● Problem statement
All pictures are to be excluded when the data below is output verbatim.

● Data extract

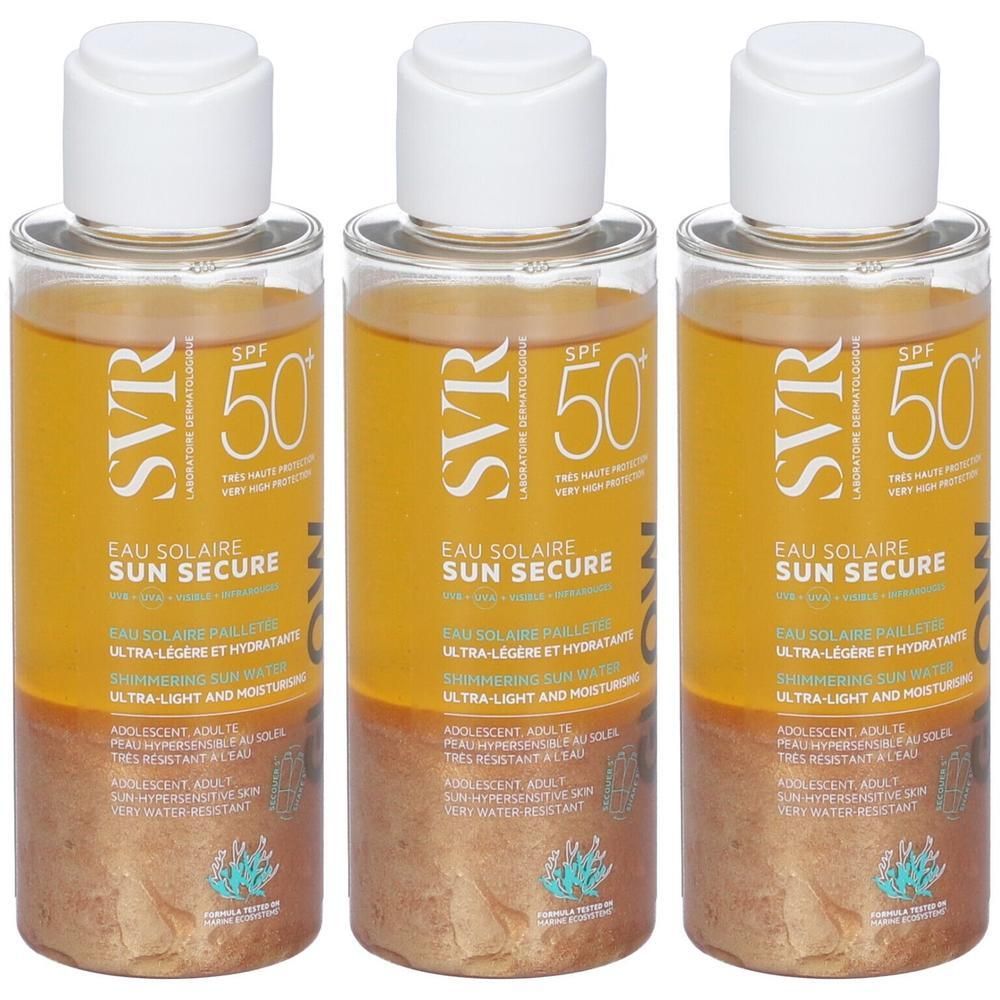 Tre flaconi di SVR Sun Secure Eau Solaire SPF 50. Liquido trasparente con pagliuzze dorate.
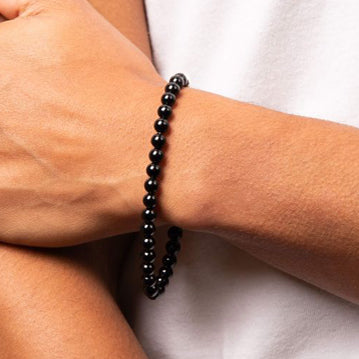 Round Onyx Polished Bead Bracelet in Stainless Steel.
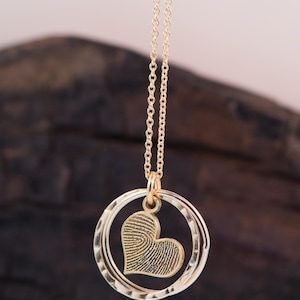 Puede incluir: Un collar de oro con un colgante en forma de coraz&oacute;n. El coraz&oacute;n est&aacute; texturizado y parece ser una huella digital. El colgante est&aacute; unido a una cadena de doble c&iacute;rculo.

● Exercise solution
 Tre flaconi di SVR Sun Secure Eau Solaire SPF 50. Liquido trasparente con pagliuzze dorate.
 Round Onyx Polished Bead Bracelet in Stainless Steel.
 Puede incluir: Un collar de oro con un colgante en forma de coraz&oacute;n. El coraz&oacute;n est&aacute; texturizado y parece ser una huella digital. El colgante est&aacute; unido a una cadena de doble c&iacute;rculo.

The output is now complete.